Roses are green?
24 / 02 / 2015
A study shows that flying roses from far flung warmer countries generates less CO2 than the artificial irrigation and additional heat supply that would be required to cultivate them in Europe’s cold climate.
That is the view of Lufthansa Cargo as it prepares for the Valentine’s Day rush on February 14.
Lufthansa’s cargo arm is transporting around 1,500 tonnes of roses this year, mostly from Kenya or South America, which have the" ideal climate" for year-round cultivation.
They are harvested several times a day, placed in water and cooled before sorting and packing, after which they are taken directly to the airport and loaded onto freighters, which operate several times a week into Lufthansa’s Frankfurt hub.

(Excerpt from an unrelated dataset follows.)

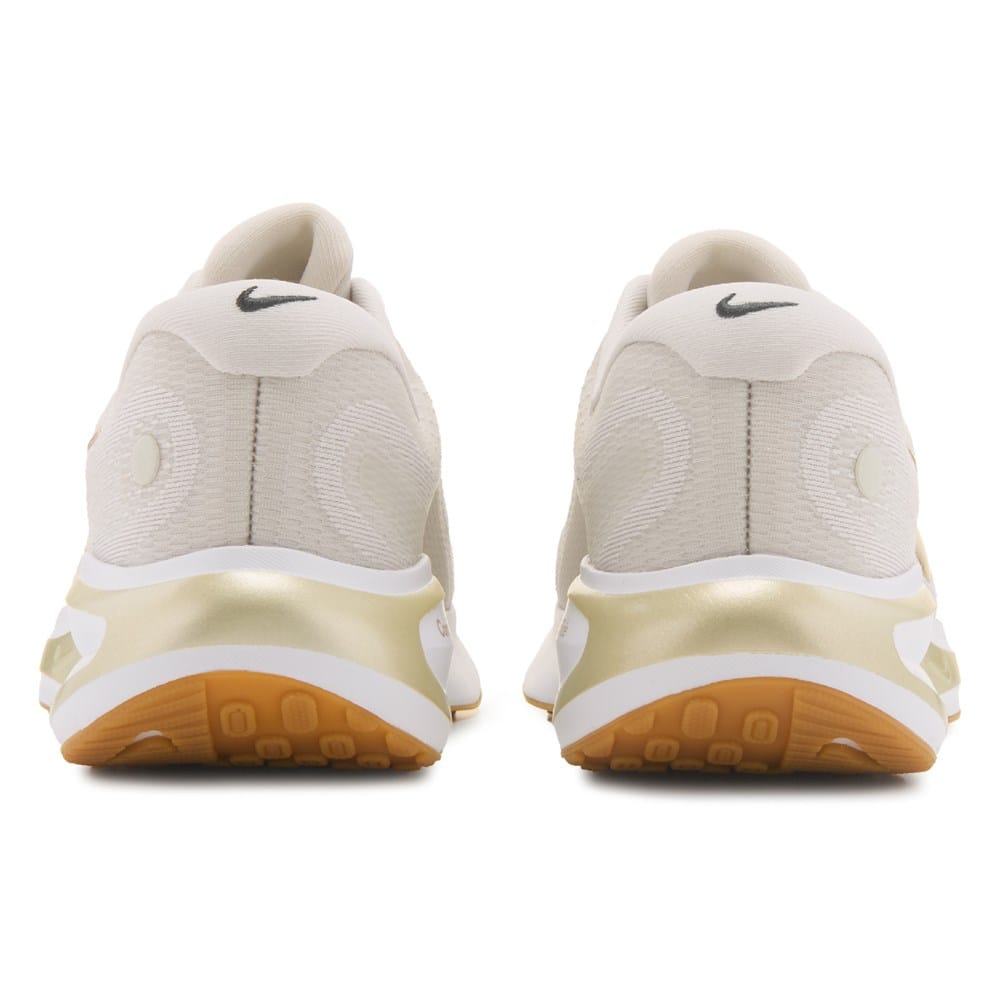 nike womens air max 270 running shoe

But special charter flights are being added to the scheduled services, such is the demand at this time of year. Lufthansa’s Fresh/td product gets them to the arms the beloved, or at least the local petrol station forecourt, within a few hours of landing.
Meanwhile, 170 LAN Cargo freighters are expected to take off from airports in Ecuador and Colombia, bound for the US.

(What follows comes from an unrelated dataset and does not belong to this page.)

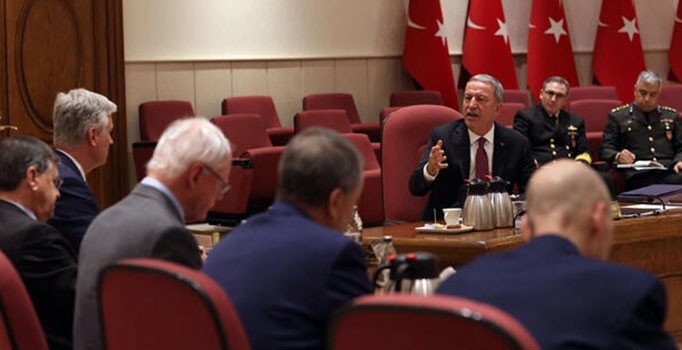 Bakan Akar, ABD heyeti ile görüştü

LAN Cargo and its affiliates transport a total of 200m flowers during the four-week rush that leads up to St. Valentine’s Day – more than enough to give every female in the US a single red rose.
In fact, Valentine’s Day accounts for 30 per cent of the total annual flower market from the region. Mother’s Day is the other big peak in demand, says LAN Cargo chief executive Cristian Ureta.